Journal cover

Hi all…a paper on nanoparticles has just appeared in the journal ACS EST Water. It provides baseline concentrations and sizes for typical occurrence of natural and anthropogenic (manufactured) nanoparticles (NPs) including gold, cerium, titanium, and palladium (Au, Ce, Ti, and Pd) in US drinking water sources.

The authors conclude that “NP size distributions of these surface water samples could rarely be described adequately with log-normal curve fitting, in contradiction to the common expectation that particle size is lognormally distributed in nature. There was no apparent geography-based difference, or trend, in distributions of NP sizes found in all the samples. A great amount of temporal variability was observed, suggesting that flow conditions, precipitation, and point-source release events may strongly impact NP concentrations on the day of sampling. This supports the hypothesis that [engineered nanoparticles] ENP hot spots may occur at different points in time depending on local sources and release factors. This study provides baseline concentrations and sizes for typical occurrence of natural and anthropogenic NPs (Au, Ce, Ti, and Pd) in drinking water sources on a regional geographic scale. As the usage of these elements in nanomaterials increases, monitoring their levels and fluctuations will assist in environmental and human health risk assessment.”
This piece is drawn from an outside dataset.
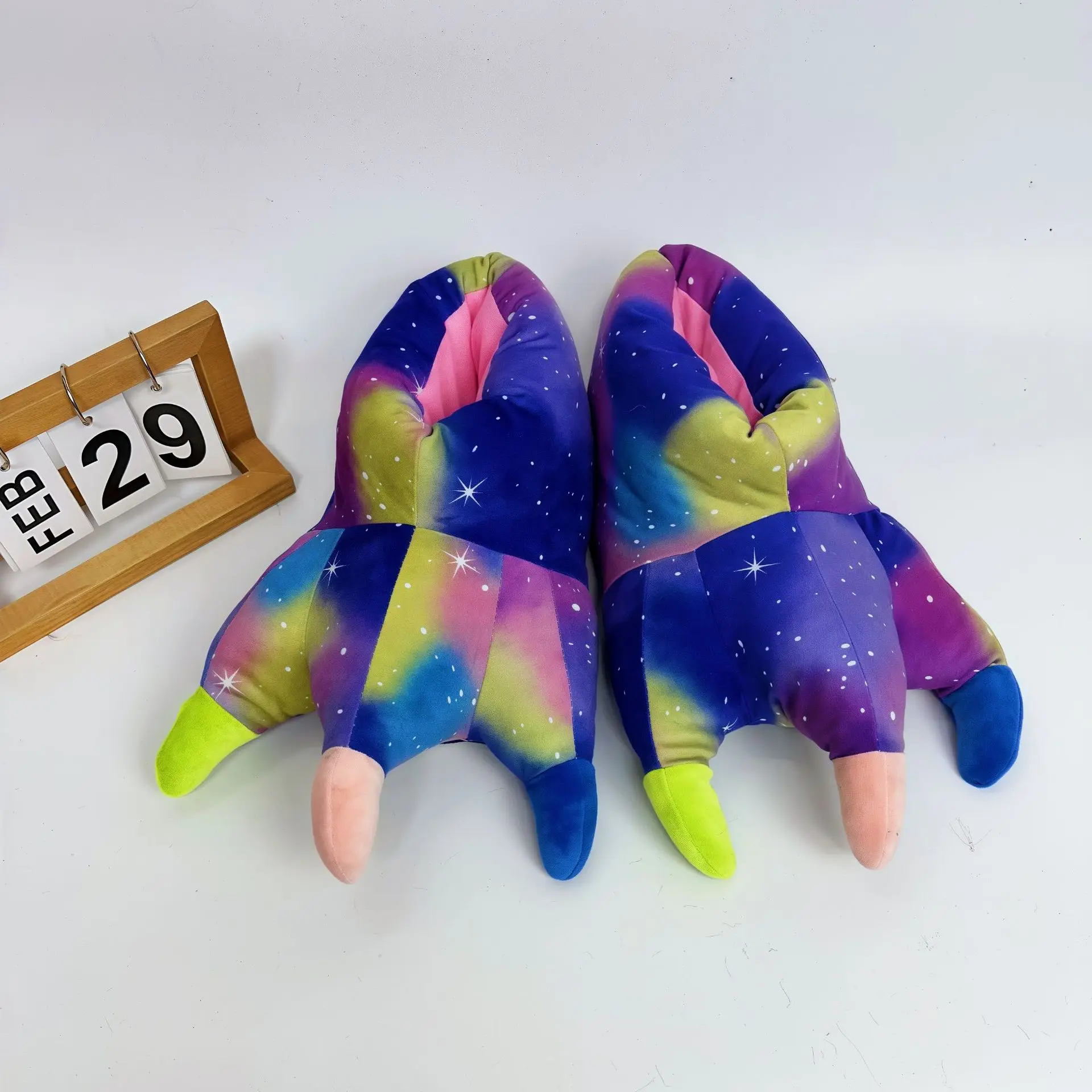 Winter Hot Selling Men's And Women's Funny Animal Claws Hairy Slippers For Home Warmth Cute Tiger Monster Claws Cotton Slippers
Prior to reading this, I didn’t stop to consider that “naturally” present nanoparticles can potentially complicate source tracking and other studies. The authors reported that of the elements examined, Ti has the highest natural abundance, followed by Ce, then Au, and Pd.



Quantifying Nanoparticle Associated Ti, Ce, Au, and Pd Occurrence in 35 U.S. Surface Waters ACS EST Water XXXX, XXX, XXX−XXX

Logan N. Rand, Kenneth Flores, Naushita Sharma, Jorge Gardea-Torresdey, and Paul Westerhoff


“Mass flux models have predicted environmental concentrations of released engineered nanoparticles (ENPs), but their validation with field studies at high geographic scale has been limited. Additionally, baseline levels of natural and incidental nanoparticle (NP) occurrence are not well-established. This study begins to address these knowledge gaps by investigating the Au, Ce, Ti, and Pd NP content of 241 water samples from 35 drinking water sources across the U.S. over 6–9 monthsusing single particle inductively coupled plasma-mass spectrometry. Ce and Ti NPs were commonly detected, with Ce concentrations (0.3–230 μg L–1) exceeding both ENP predictions and reports of natural abundance. The Ti NP concentrations (3–2,400 μg L–1) were greater than modeled ENP release and similar to the expected natural abundance. Although Au and Pd NPs were rarely detected, they were present at parts per billion levels in some samples. The NP concentrations and sizes did not differ between geographic regions but were highly variable at individual sites over time, suggesting that local changes to release rates and precipitation may cause temporary hot spots. The regional NP concentrations and sizes provided here will be useful to inform continued ENP release and risk assessment studies.”